UDST · fscottfoti · Jun 5, 2014 · May 28, 2014 · May 28, 2014 · May 28, 2014
diff --git a/urbansim/models/__init__.py b/urbansim/models/__init__.py
@@ -1,4 +1,4 @@
-from .regression import RegressionModel, RegressionModelGroup
+from .regression import RegressionModel, RegressionModelGroup, SegmentedRegressionModel
 from .lcm import MNLLocationChoiceModel
 from .transition import (
     GrowthRateTransition, TabularGrowthRateTransition,

diff --git a/urbansim/models/lcm.py b/urbansim/models/lcm.py
@@ -189,11 +189,13 @@ def fit(self, choosers, alternatives, current_choice):
         alternatives : pandas.DataFrame
             Table describing the things from which agents are choosing,
             e.g. buildings.
-        current_choice : pandas.Series
+        current_choice : pandas.Series or str
             A Series describing the `alternatives` currently chosen
             by the `choosers`. Should have an index matching `choosers`
             and values matching the index of `alternatives`.
 
+            If a string is given it should be a column in `choosers`.
+
         Returns
         -------
         null_ll : float
@@ -204,10 +206,15 @@ def fit(self, choosers, alternatives, current_choice):
             Log-liklihood ratio
 
         """
+        if not isinstance(current_choice, pd.Series):
+            current_choice = choosers[current_choice]
+
         choosers = util.apply_filter_query(choosers, self.choosers_fit_filters)
+
         if self.estimation_sample_size:
             choosers = choosers.loc[np.random.choice(
                 choosers.index, self.estimation_sample_size, replace=False)]
+
         current_choice = current_choice.loc[choosers.index]

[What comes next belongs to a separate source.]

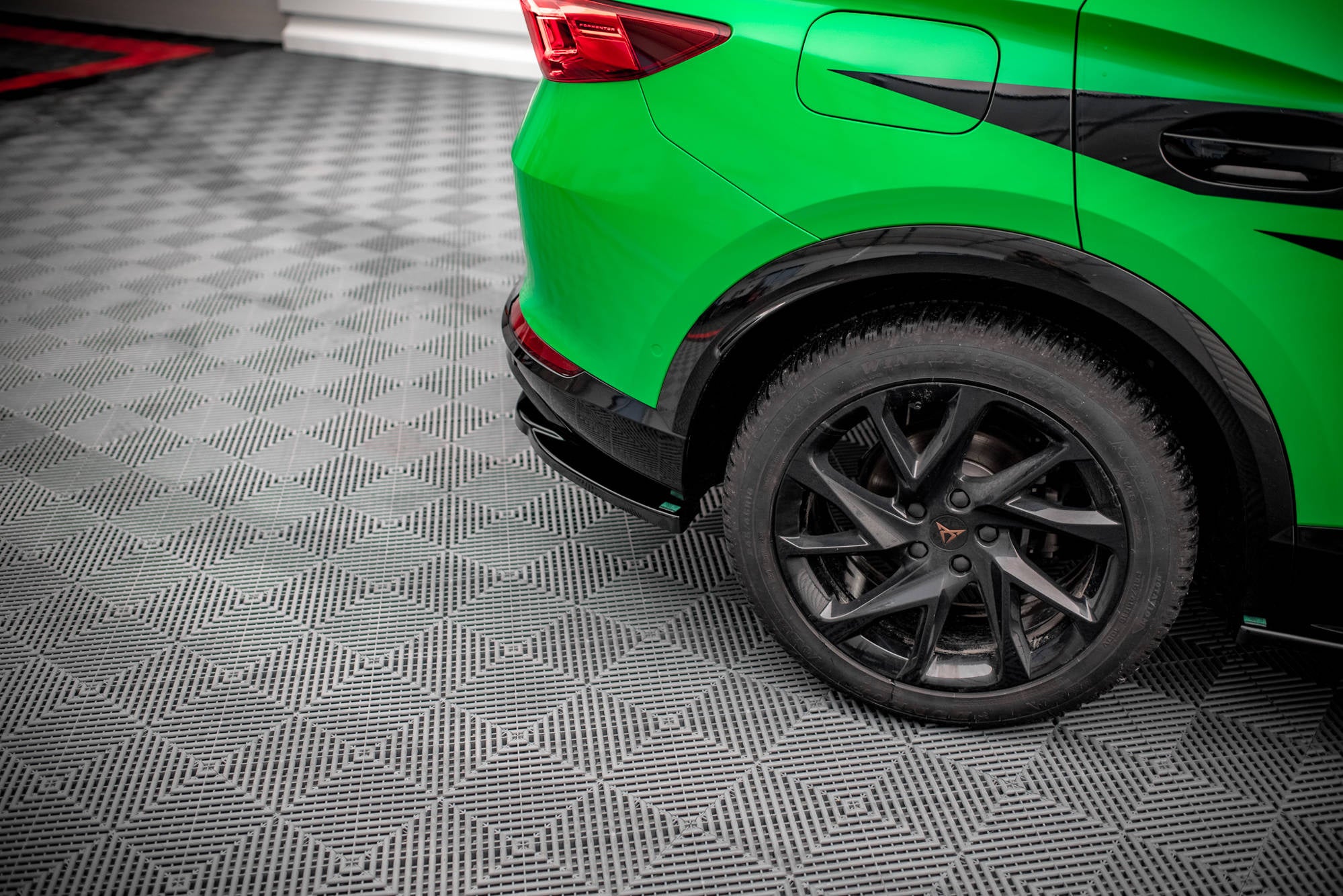 pol pl splittery tylne boczne v 2 cupra formentor 16213 4.jpg pol pl splittery tylne boczne v 2 cupra formentor 16213 4.jpg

         alternatives = util.apply_filter_query(
             alternatives, self.alts_fit_filters)

diff --git a/urbansim/models/regression.py b/urbansim/models/regression.py
@@ -6,8 +6,6 @@
 
 import numpy as np
 import pandas as pd
-import yaml
-import statsmodels.api as sm
 import statsmodels.formula.api as smf
 from patsy import dmatrix
 from prettytable import PrettyTable
@@ -428,7 +426,7 @@ class RegressionModelGroup(object):
 
     Parameters
     ----------
-    segmentation_col : str
+    segmentation_col
         Name of the column on which to segment.
 
     """
@@ -516,6 +514,11 @@ def fit(self, data):
         return {name: self.models[name].fit(df)
                 for name, df in self._iter_groups(data)}
 
+    @property
+    def fitted(self):
+        return (all(m.fitted for m in self.models.values())
+                if self.models else False)
+
     def predict(self, data):
         """
         Predict new data for each group in the segmentation.
@@ -537,3 +540,237 @@ def predict(self, data):
         results = [self.models[name].predict(df)
                    for name, df in self._iter_groups(data)]
         return pd.concat(results)
+
+
+class SegmentedRegressionModel(object):
+    """
+    A regression model group that allows segments to have different
+    model expressions and ytransforms but all have the same filters.
+
+    Parameters
+    ----------
+    segmentation_col
+        Name of column in the data table on which to segment. Will be used
+        with a pandas groupby on the data table.
+    fit_filters : list of str, optional
+        Filters applied before fitting the model.
+    predict_filters : list of str, optional
+        Filters applied before calculating new data points.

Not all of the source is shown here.